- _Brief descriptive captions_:

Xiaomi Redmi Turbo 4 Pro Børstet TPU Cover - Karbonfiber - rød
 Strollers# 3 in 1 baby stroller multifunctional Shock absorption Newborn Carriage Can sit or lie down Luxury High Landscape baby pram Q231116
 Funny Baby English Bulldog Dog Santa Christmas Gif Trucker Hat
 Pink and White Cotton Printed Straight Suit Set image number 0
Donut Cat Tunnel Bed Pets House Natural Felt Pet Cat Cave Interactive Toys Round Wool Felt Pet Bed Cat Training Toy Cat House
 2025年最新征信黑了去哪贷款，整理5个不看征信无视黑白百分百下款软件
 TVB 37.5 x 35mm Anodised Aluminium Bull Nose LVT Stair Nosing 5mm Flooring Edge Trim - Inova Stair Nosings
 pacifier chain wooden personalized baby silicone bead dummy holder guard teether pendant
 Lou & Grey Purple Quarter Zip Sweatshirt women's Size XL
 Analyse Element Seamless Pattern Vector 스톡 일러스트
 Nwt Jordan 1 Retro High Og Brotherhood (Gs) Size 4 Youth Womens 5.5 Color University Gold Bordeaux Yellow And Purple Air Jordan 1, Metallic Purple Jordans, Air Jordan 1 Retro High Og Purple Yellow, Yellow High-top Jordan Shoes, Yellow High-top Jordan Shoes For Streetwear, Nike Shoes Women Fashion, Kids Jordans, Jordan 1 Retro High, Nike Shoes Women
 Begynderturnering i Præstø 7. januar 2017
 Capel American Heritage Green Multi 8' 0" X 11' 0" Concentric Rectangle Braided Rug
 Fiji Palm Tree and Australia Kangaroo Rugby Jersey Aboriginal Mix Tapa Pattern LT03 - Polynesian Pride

- _TASK OBJECTIVE_:
Which lines above run from the one containing "Pink and White" to the one containing "Nwt Jordan 1"? Give them again exactly, both ends included.

- _EXERCISE SOLUTION_:
 Pink and White Cotton Printed Straight Suit Set image number 0
Donut Cat Tunnel Bed Pets House Natural Felt Pet Cat Cave Interactive Toys Round Wool Felt Pet Bed Cat Training Toy Cat House
 2025年最新征信黑了去哪贷款，整理5个不看征信无视黑白百分百下款软件
 TVB 37.5 x 35mm Anodised Aluminium Bull Nose LVT Stair Nosing 5mm Flooring Edge Trim - Inova Stair Nosings
 pacifier chain wooden personalized baby silicone bead dummy holder guard teether pendant
 Lou & Grey Purple Quarter Zip Sweatshirt women's Size XL
 Analyse Element Seamless Pattern Vector 스톡 일러스트
 Nwt Jordan 1 Retro High Og Brotherhood (Gs) Size 4 Youth Womens 5.5 Color University Gold Bordeaux Yellow And Purple Air Jordan 1, Metallic Purple Jordans, Air Jordan 1 Retro High Og Purple Yellow, Yellow High-top Jordan Shoes, Yellow High-top Jordan Shoes For Streetwear, Nike Shoes Women Fashion, Kids Jordans, Jordan 1 Retro High, Nike Shoes Women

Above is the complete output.